Speed up random set partition code

Question

I have managed to construct code for randomly generating a set partition of size n with k parts. Note that the total number of such objects is counted by a Stirling number of the second kind.

The code is very simple; there are two cases for the largest entry n. Either it is in its own block, or not. It is easy to compute the probability for the first case, and then one uses recursion.

RandomSetPartition[0, k_Integer] := Which[k == 0, {{}}, {}];
RandomSetPartition[1, k_Integer] := Which[k == 1, {{1}}, {}];
RandomSetPartition[n_Integer, 1] := {Range@n};
RandomSetPartition[n_Integer, n_Integer] := List /@ (Range@n);

RandomSetPartition[n_Integer, k_Integer] := If[
   RandomReal[] <= StirlingS2[n - 1, k - 1]/StirlingS2[n, k],
   Append[RandomSetPartition[n - 1, k - 1], {n}], 
   MapAt[Append[#, n] &, RandomSetPartition[n - 1, k], 
    RandomInteger[{1, k}]]
   ];

The issue is, the code is rather slow for large arguments, say RandomSetPartition[1000,30] takes about 2 seconds on my machine. I am not sure what the issue with my code is; the complexity should be O(n), but some tests indicate the complexity is higher for my code. What can I change to make it more efficient?

Answer 1

I rewrote this answer completely. The previous answer is available here.

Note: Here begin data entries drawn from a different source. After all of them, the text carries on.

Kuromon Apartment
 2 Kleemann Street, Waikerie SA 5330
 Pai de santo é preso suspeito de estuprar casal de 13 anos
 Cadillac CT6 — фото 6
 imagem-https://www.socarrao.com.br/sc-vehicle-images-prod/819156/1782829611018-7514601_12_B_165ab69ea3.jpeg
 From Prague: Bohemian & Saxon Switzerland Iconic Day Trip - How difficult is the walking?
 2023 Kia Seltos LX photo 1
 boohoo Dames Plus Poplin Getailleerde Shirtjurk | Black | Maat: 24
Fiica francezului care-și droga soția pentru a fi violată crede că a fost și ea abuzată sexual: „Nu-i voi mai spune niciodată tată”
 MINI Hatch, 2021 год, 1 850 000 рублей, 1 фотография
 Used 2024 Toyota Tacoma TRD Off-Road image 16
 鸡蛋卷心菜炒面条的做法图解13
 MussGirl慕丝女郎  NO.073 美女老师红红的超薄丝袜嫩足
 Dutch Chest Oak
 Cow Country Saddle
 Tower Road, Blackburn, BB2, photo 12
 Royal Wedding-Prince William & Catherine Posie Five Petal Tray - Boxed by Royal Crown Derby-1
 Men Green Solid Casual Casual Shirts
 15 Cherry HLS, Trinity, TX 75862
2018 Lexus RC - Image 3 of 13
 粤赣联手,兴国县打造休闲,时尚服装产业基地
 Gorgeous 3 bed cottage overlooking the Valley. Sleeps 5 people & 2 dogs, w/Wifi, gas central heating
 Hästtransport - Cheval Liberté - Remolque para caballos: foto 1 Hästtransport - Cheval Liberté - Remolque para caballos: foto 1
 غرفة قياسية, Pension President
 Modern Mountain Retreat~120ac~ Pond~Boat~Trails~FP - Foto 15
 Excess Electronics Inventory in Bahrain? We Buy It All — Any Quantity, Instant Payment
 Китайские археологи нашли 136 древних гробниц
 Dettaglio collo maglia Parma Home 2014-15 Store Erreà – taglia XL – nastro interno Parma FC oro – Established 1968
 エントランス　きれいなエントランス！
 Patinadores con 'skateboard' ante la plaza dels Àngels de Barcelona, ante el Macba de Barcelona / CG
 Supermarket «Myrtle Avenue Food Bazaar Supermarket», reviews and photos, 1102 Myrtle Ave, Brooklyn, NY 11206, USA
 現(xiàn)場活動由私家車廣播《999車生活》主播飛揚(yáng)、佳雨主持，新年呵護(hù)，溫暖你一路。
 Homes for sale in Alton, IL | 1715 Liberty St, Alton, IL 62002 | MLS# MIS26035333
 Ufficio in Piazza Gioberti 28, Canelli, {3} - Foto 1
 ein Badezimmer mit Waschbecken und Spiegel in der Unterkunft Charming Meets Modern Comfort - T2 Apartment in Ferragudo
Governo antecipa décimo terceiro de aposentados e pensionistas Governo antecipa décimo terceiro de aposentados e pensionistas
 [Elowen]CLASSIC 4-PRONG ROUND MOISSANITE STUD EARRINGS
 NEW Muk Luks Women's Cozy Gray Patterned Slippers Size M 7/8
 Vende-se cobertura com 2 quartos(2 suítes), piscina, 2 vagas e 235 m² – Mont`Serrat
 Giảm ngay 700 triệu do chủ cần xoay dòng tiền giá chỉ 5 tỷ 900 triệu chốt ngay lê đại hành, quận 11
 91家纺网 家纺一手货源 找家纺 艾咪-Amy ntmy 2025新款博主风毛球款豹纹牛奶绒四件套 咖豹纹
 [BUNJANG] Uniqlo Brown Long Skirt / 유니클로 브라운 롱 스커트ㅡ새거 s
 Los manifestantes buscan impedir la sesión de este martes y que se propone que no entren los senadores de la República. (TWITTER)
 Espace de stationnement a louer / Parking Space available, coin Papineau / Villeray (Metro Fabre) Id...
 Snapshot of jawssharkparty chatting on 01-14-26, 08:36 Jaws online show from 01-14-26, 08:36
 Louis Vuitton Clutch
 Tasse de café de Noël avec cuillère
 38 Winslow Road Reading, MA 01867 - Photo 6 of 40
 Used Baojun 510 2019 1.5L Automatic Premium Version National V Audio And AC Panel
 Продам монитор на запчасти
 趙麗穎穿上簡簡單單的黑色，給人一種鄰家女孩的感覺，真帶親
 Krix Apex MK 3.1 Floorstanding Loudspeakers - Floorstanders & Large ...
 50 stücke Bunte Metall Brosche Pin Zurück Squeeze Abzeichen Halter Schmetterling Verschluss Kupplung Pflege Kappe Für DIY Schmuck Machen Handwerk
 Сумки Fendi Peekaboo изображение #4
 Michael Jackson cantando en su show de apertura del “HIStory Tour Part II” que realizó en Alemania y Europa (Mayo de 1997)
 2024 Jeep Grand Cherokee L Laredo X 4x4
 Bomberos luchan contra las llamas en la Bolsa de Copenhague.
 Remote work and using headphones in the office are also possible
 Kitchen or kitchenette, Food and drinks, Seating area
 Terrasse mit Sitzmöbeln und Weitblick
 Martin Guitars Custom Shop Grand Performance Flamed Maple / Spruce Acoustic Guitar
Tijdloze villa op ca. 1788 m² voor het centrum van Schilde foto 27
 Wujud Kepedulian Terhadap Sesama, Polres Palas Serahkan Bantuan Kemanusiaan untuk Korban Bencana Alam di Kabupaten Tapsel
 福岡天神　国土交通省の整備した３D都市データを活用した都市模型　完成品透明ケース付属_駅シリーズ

In OP's code, the StirlingS2 calls are expensive for large $n$. For example, calling

StirlingS2[4500,2111]

for the first time takes about 1 second on my machine. From OPs comment I understand that they want to call RandomSetPartition with say $n=20000$ and with many different values of $k$. The solution presented here was designed with that case in mind.

Code. Run the following once, with nmax equal to the largest value that one is planning to use:

nmax=2000;
s2prev={1.};
Do[
   s2=Append[Range[n-1]*s2prev+Prepend[Most[s2prev],0.],1.];
   sq[n]=Quiet[Developer`ToPackedArray[N[s2prev/Rest[s2]]]];
   s2prev=s2;
,{n,2,nmax}];

(* this is equal to N[StirlingS2[n-1,k-1]/StirlingS2[n,k]] *)
squot[n_,1]:=0.;
squot[n_,k_]:=sq[n][[k-1]];

This takes about $2$ seconds for nmax=2000, and it takes about $6$ minutes for nmax=20000. Since this has to be done only once, it seems acceptable.

Random set partitions can then be generated using

rSow[n_Integer,n_Integer]:=Scan[Sow[#,#]&,Range[n]];
rSow[n_Integer,k_Integer]:=rSow[n-1,If[RandomReal[]<=squot[n,k],
  Sow[n,k];k-1,
  Sow[n,RandomInteger[{1,k}]];k]];
RandomSetPartition[n_Integer,k_Integer]:=Block[{$IterationLimit=Infinity},
  Flatten[Last[Reap[rSow[n,k],Range[k]]],1]];

Example:

SeedRandom[1];
RandomSetPartition[10,5]
(* {{10,8,1},{2},{9,6,5,3},{4},{7}} *)

Timing:

First[RepeatedTiming[RandomSetPartition[2000,1000]]]
(* 0.00909227 *)

First[RepeatedTiming[RandomSetPartition[20000,10000]]]
(* 0.111011 *)

Comments:

• The code for squot uses the recurrence relation for StirlingS2. It is also written to keep memory footprint reasonably low.
• The code for RandomSetPartition is a direct adaptation of OP's code. It uses Reap-Sow instead of Append. It also uses tail recursion.